Le monstre sacré est un être humain déchiré, puissamment immoral, qui met tout en oeuvre afin que son coeur puisse survivre à la blessure qui l’accable, le désespère, le tue. Placé devant des circonstances dramatiques exceptionnelles, il est l’expression la plus intense de « la lutte pour la vie ». Ses alibis nous épouvantent mais ses mobiles, à la réflexion, nous émeuvent. Pour l’auteur comme pour l’acteur et le spectateur, le pathétique est le sentiment de la nudité intérieure, du dénuement le plus affligé. Acculé, au bout du rouleau, tu recenses tes ultimes ressources. Ou tu les imagines. Le monstre sacré, la monstresse sacrée, les improvise. Il est capable de tout : de tous les subterfuges ou manigances, de toutes les trahisons ou félonies, de tous les crimes ou forfaits. Puisque – motivation suprême – s’il est vaincu, il meurt. Le monstre sacré est un produit du génie humain.

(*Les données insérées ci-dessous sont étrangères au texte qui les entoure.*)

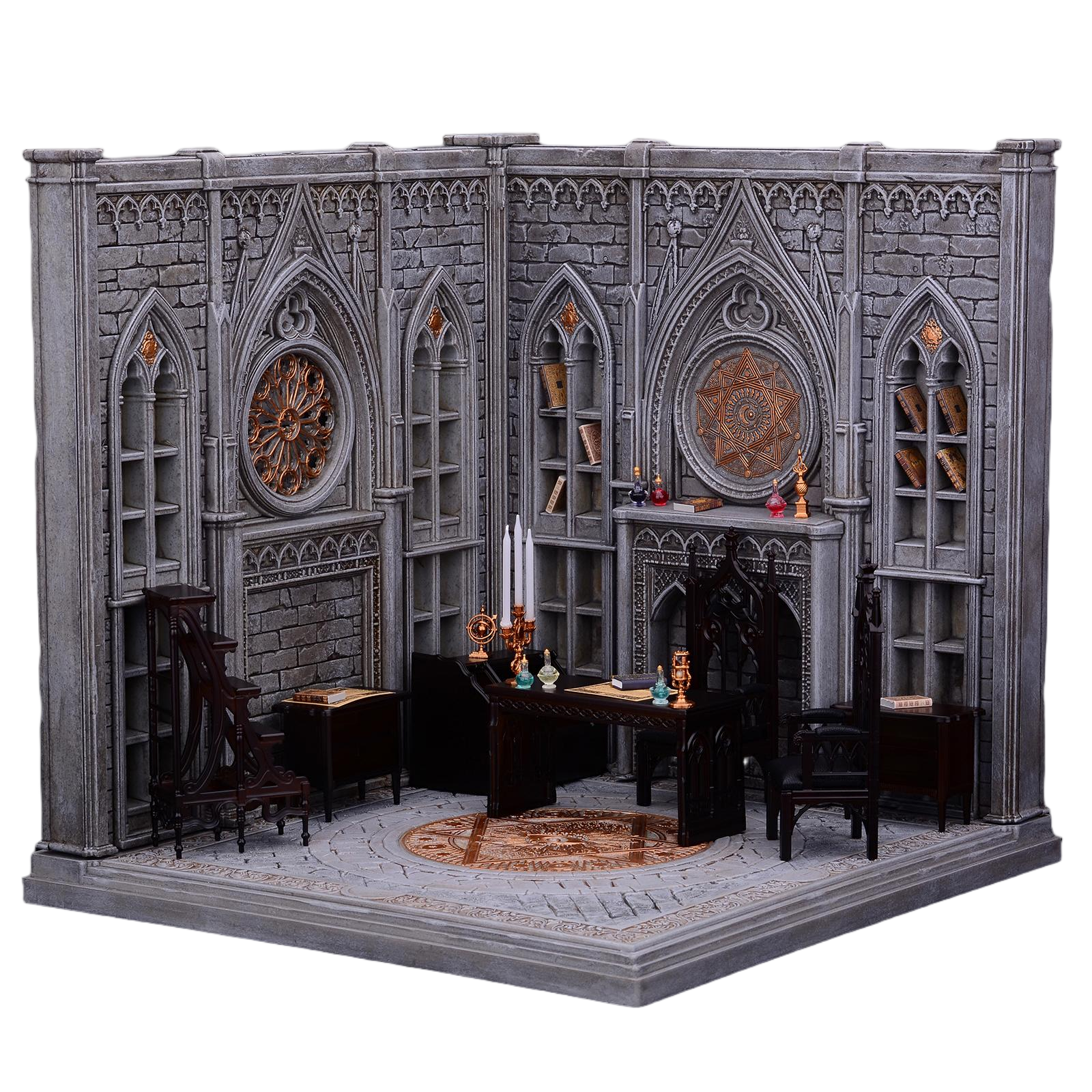 1 12 Scale Gothic Diorama Miniature Scene Allen Po - Chamber of Whisper - Miniento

Sans génie point de sacre.

Pour Yves Salgues, voilà Gainsbourg, ce monstre innocent, qui a tant souffert des femmes qu’il en est mort plusieurs fois.

Comme un livre, selon moi, doit vivre.
Comme un livre vivant est un livre lu, lu, et relu encore.
Qui passe à travers des mains, toujours, encore.
Je donne mon exemplaire au premier qui en manifestera l’intérêt ci-dessous.
S’il ou elle vit à Paris, rencontrons-nous autour d’un café que je lui donne, sinon, nous nous arrangerons pour que je puisse l’envoyer.

Sur ces bonnes paroles, bonne lecture !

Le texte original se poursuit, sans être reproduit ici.